Experience API: What Does It Mean For You?
Summary: Find out how experience API can be used to track learning across devices and beyond courses.

How To Use Experience API

What’s the difference between Experience API and SCORM?

SCORM is a technical green light, that allows any SCORM LMS’ to play SCORM e-learning courses. It also does some high level tracking, such as time lapsed, score, completion rate, pass/ fail rate. It sounds quite basic, but it’s only in recent times that we have needed much more than that - we were still producing e-learning for one screen size and one device type just a few years ago.

Experience API (or Tin Can/ xAPI) is the new standard of tracking, which takes e-learning reporting from black and white to HD. Think tracking all devices, across an entire blend, tracking basically anything you need to.
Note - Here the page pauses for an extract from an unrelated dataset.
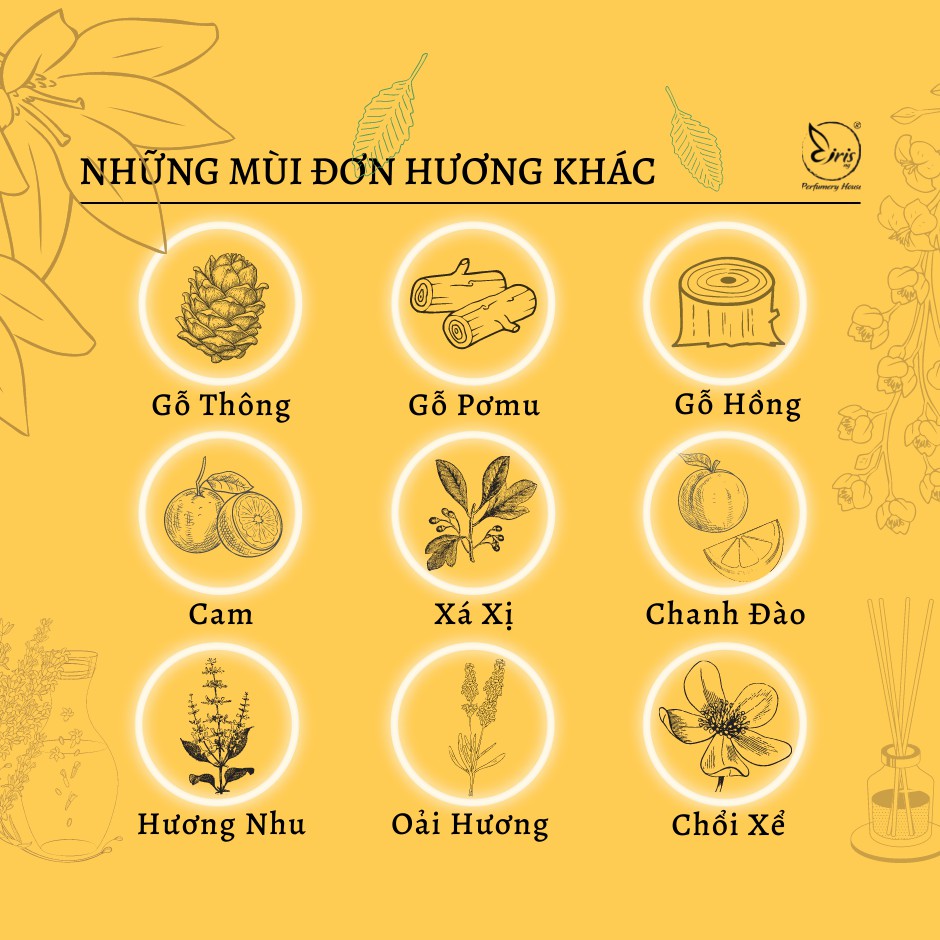 Combo 5 tinh dầu concept mùi hương thiết kế đặc biệt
With experience API, we can build courses around the fact we want to track something, with so much more data available to help us determine the true effectiveness of a course. Experience API has the ability to inform strategic decisions and show us what people know (and more importantly, what they don’t), while transforming learning design.

Experience API tracking across devices

Unlike SCORM, experience API was designed with mobile in mind, making it easier than ever to track learning across all devices. It allows for a single learning activity to be tracked across multiple devices as standard, allowing you to see when learners switched from smartphone to desktop. Experience API allows us to think outside of the restraints we’ve become all the more used to with SCORM. There are many scenarios which require learners to visit physical locations; speak to real colleagues; scan equipment; capture photo and video and much more. Experience API is about capturing the whole experience.
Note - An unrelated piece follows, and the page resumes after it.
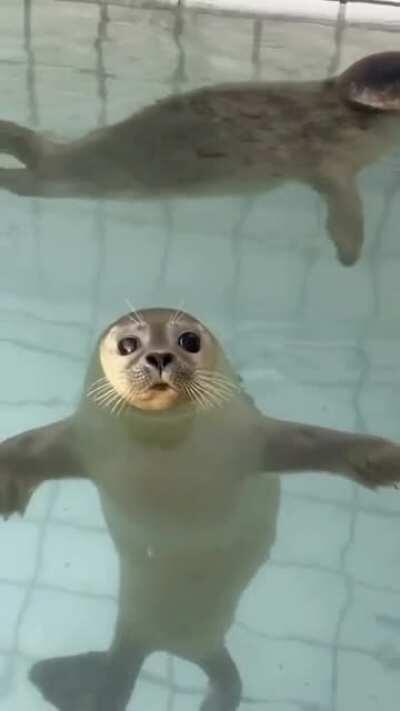 Seal's wink!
Tracking activities with experience API

If you’re used to tracking SCORM, it’s difficult to imagine a world where reading an online article or chatting to a colleague can contribute to reporting. Of course, it’s obvious that learners will always take to the internet and those around them for support, but we are used to thinking in such a linear fashion that it’s refreshing to consider that we can analyze the full picture of learning and development.

Experience API reports in a similar fashion to a social site. Mike liked a picture, posted a link or retweeted a tweet. These streams tell a story of what we’ve been doing. When it comes to learning, the sequencing of events can be really interesting. For example, if you see that a lot of learners are failing, speaking to a colleague, watching a YouTube video and then passing, you can begin to see exactly how staff are working to improve their performance.

Learning analytics

There are a lot of reasons why organizations are yet to make the jump to experience API, but while we’re awaiting mass uptake, learning analytics remain a fairly overlooked aspect of learning technologies. Experience API gives us so much data that we can not only begin to easily understand the effectiveness of a course, but we can use it to focus future initiatives. This can mark the end of a course for the sake of a course - using data effectively allows us to target and then retarget weaknesses.
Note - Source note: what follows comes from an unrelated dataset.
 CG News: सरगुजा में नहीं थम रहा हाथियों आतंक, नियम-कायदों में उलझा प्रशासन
It’s great to consider that experience API will allow us to fully understand the 70% of learning which takes place outside of formal learning environments. Of course, there’s still a clear role of the course and the LMS, but in order to stay relevant, both must become a part in the larger learning network - we can’t provide better learning and development by simply building more and more courses and adding them to a library.

Experience API on the ground

As demand for experience API grows, so will the demand for truly multi-device courses and native apps, as more complex interactions are tracked to benefit personal development. Highly customized reporting will require the input of a developer to build tracking and reporting tools, but you’re not going to want people taking pictures, tweeting and wandering around with every course.